Aber es gab da noch ein zweites Gesicht Bertrand Cantats. Wie erst jetzt, anlässlich seiner ersten Vernehmung in Vilnius, ans Tageslicht kam, soll er bereits in früheren Fällen Frauen geschlagen haben – Näheres ist allerdings bisher noch nicht bekannt geworden. Außerdem soll er Probleme mit Alkohol gehabt haben. Die Enthemmung durch den Alkohol scheint nützlich, wenn er auf der Bühne steht und seine phyische Leistung bis zum Äußersten treibt. Aber sie hat anscheinend auch andere Züge seiner Persönlichkeit hervortreten lassen , die er in der Öffentlichkeit lieber verborgen hielt. Noir Désir dürfte damit am Ende sein. Auf ihrer Homepage war Ende letzter Woche nurmehr ein Standbild zugänglich, die Diskussionsseiten waren abgeschaltet.

Marie Trintignant war ohne Zweifel eine große Schauspielerin, die sie im zarten Alter von vier Jahren zum ersten Mal mit ihrem Vater vor Publikum stand, im Theaterstück »Comédie sur un quai de gare« (Komödie auf einem Bahnsteig). Sie spielte insgesamt in etwa 30 Filmen mit und verkörperte zumeist komplexe, unangepasste, schwierige und »feministische« Charaktere. »Ich liebe merkwürdige Personen sehr«, begründete sie einmal ihre Vorliebe für Problemfilme. Grandios bewies sie dies in den Filmen von Claude Chabrol. So in »Une affaire de femmes« (»Eine Frauen-Angelegenheit«), wo sie eine Prostituierte in den Jahren von Vichy- und Besatzungs-Regime spielte. Auch privat war sie eine starke Persönlichkeit, eine emanzipierte Frau, auch unter dem Einfluss ihrer Mutter, die 1971 zu den Unterzeichnerinnen des »Manifests der 343« (»Ich bekenne, abgetrieben zu haben«) gehörte. Trintignant war die Mutter von vier Kindern, die aus unterschiedlichen Verbindungen stammen und die heute zwischen fünf und 17 Jahre alt sind.
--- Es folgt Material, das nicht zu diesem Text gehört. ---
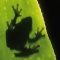 Frog on a Leaf Silhouette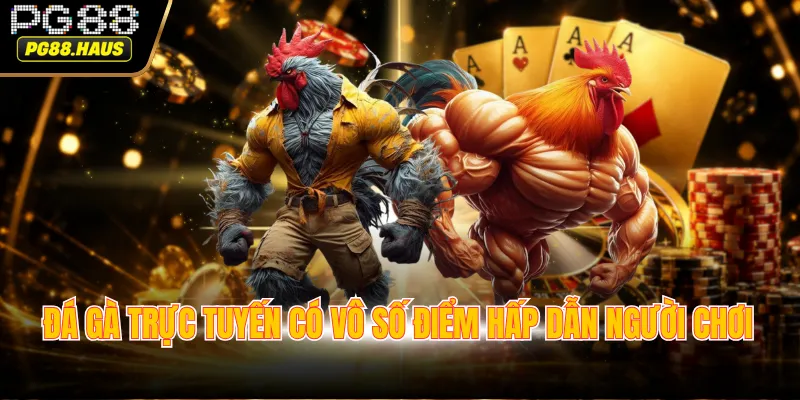 Đá gà trực tuyến có vô số điểm hấp dẫn người chơi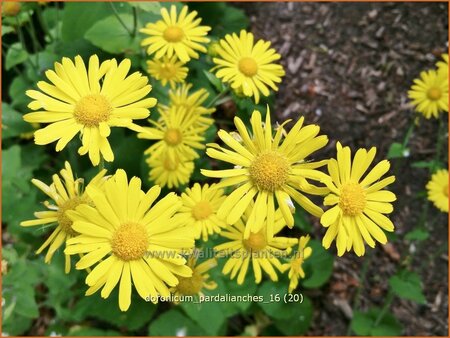Doronicum pardalianches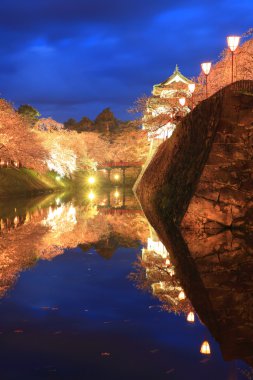 Hirosaki Kalesi ve kiraz çiçekleri yanar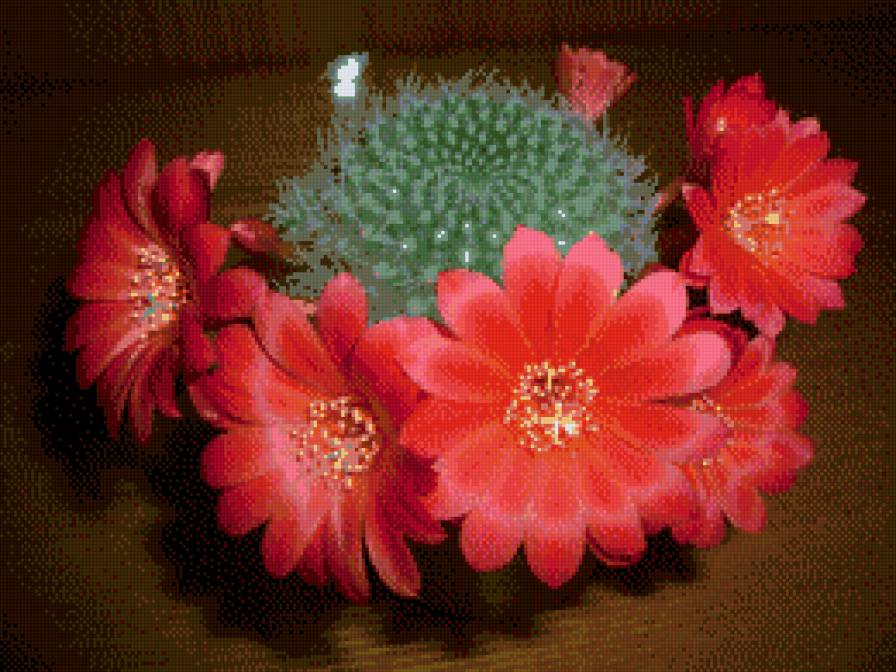 Цветение кактуса. - красота, редкость, кактус, цветы - предпросмотр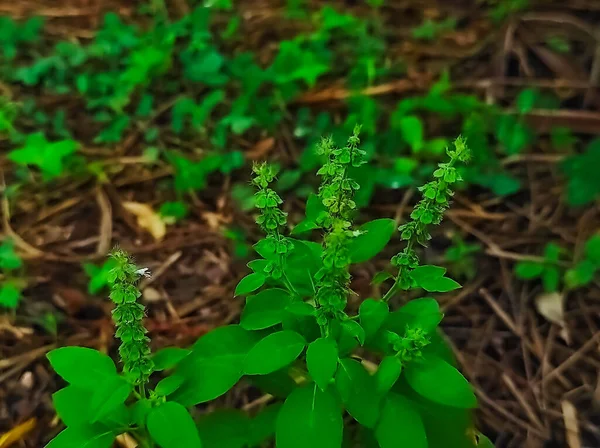 Primo Piano Colpo Comune Sweet Basil Sfondo Sfocatura — Foto Stock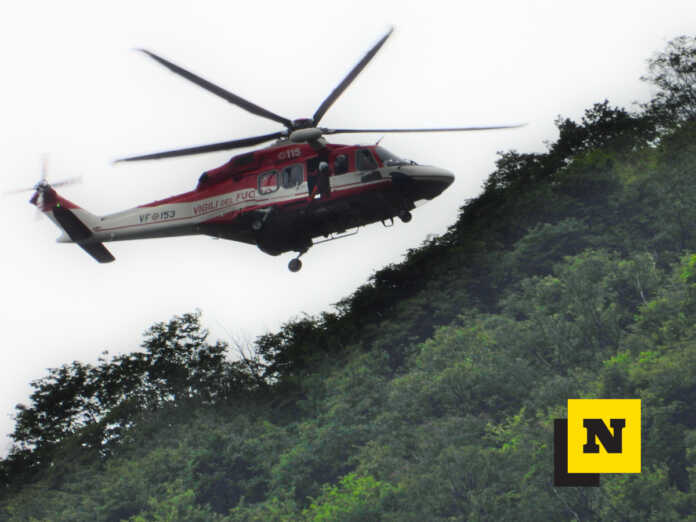 Drago San Martino (4) Drago San Martino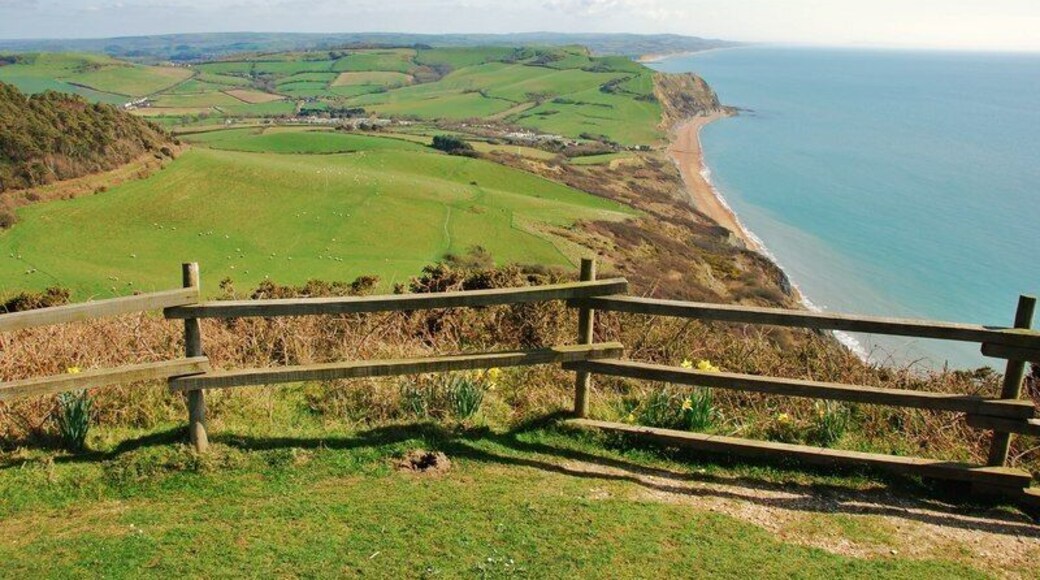 Golden Cap: highest point on the south coast of England. Photo taken from the Trig Point showing the view, from the plateaux, on top of Golden Cap Dorset.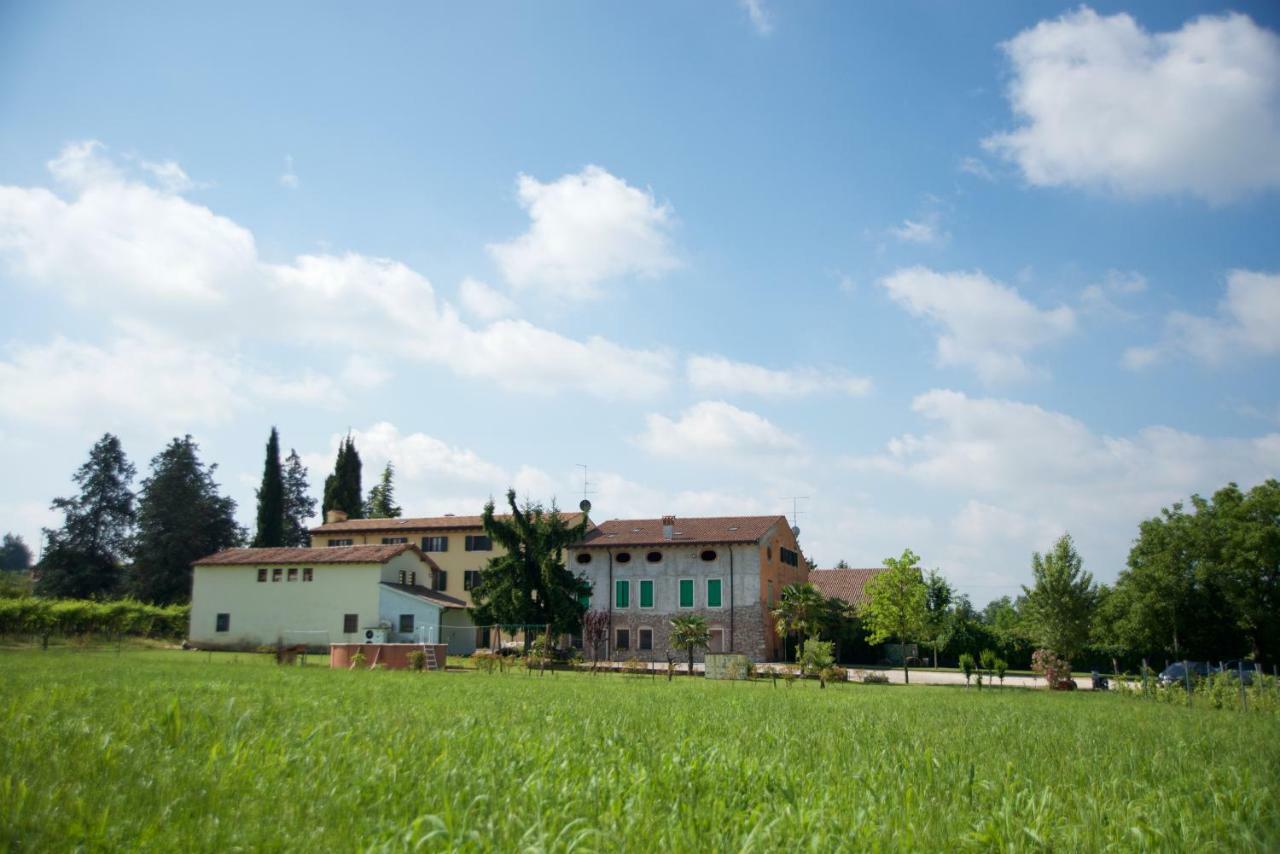 Albarello *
Die prominente feministische Politikerin Gisèle Halimi erinnerte jüngst in einem Beitrag für Le Monde daran, dass Gewalt gegen Frauen schrecklicher Alltag ist und nur deshalb ein öffentliches Thema ist, weil sie dieses Mal eine Prominente getroffen hat. Halimi ruft ins Gedächtnis, dass es anderthalb Millionen weiblicher Gewaltopfer in Frankreich gibt, zumeist ist der Ehemann der Täter. Vielleicht könne der »Fall« von Marie Trintignant wenigstens dazu dienen, darüber zu reden.